Beginnen wir mit einem Beispiel: Susanne T. ist Mitte vierzig, Mutter eines pubertierenden Jungen und Partnerin eines wenig älteren Kollegen. Sie ist sportlich, hat Hobbies und einen großen Freundeskreis. Wenn man Susanne fragt, wie es ihr geht, lächelt sie breit und sagt, sie sei glücklich. In den letzten Jahren gab es aber einige fast unmerkliche Veränderungen – das Lächeln ist noch da, erreicht aber die Augen nicht mehr. Susanne sagt auch, dass sie ihren Job mag, dass sie gern tut, was sie tut. Und sie tut viel – arbeitet, hat Führungsverantwortung, macht nebenbei eine Weiterbildung, springt ein, wenn Kollegen krank sind, hilft im Freundeskreis, ist im Elternrat, leitet den Sportverein. „Gerade eben ging das doch alles noch ganz problemlos. Was ist denn auf einmal mit mir los?“, fragt sie sich, wenn sie manchmal – immer öfter – nachts aufwacht und nicht mehr einschlafen kann.
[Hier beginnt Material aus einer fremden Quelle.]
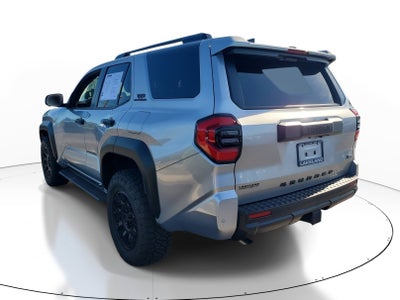 2026 Toyota 4Runner Base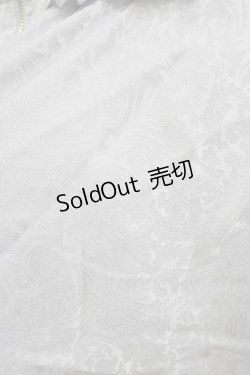 画像4: Pal elfy / ジャガードフレアスカート Free ブルー H-26-02-07-011-0-SK-NS-ZH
Erlauben Sie mir, zunächst ganz unwissenschaftlich an dieses Beispiel heranzugehen. Eine hilfreiche Metapher zum Umgang mit Stress ist die Vorstellung vom menschlichen Leben als Fass. Jawohl, als Fass: in ein Fass passt eine Menge hinein. Da sind zunächst das eigene Temperament und die Persönlichkeit (Definition Persönlichkeit: über die Zeit hinweg relativ stabile Muster des Erlebens und Verhaltens/Handelns einer Person). Die Art, wie ich mit Erlebnissen umgehe (gelassen vs. aufgeregt; emotional stabil vs. emotional instabil etc.), hat bereits einen starken Einfluss auf die Wahrscheinlichkeit, etwas als Stress zu erleben. Hinzu kommen die berufliche und die familiäre Situation – in beiden Bereichen gibt es Zeiten der Entspannung und stressigere Phasen. Ist die Situation in einem dieser beiden Hauptbereiche des Erwachsenenlebens angespannt, können das die meisten Menschen auch über einen längeren Zeitraum hinweg kompensieren. Gibt es in beiden Bereichen Stress, hat das oft Folgen, vor allem auf lange Sicht. Stellt man sich noch alle weiteren möglichen Betätigungen eines Menschen vor (ehrenamtliches Engagement, Hobbies etc.) wird deutlich, dass das besagte Fass auch einmal voll sein kann. Auch das halten die meisten Menschen über einen langen Zeitraum hinweg aus – die Frage ist nur, was passiert, wenn es tatsächlich zu viel wird, wenn nichts mehr in das Fass hineinpasst, wenn man alle Register gezogen und alles „durchoptimiert“ hat. Dann reagiert – in der Regel der Körper. Mit Schlaflosigkeit, erhöhtem Blutdruck usw.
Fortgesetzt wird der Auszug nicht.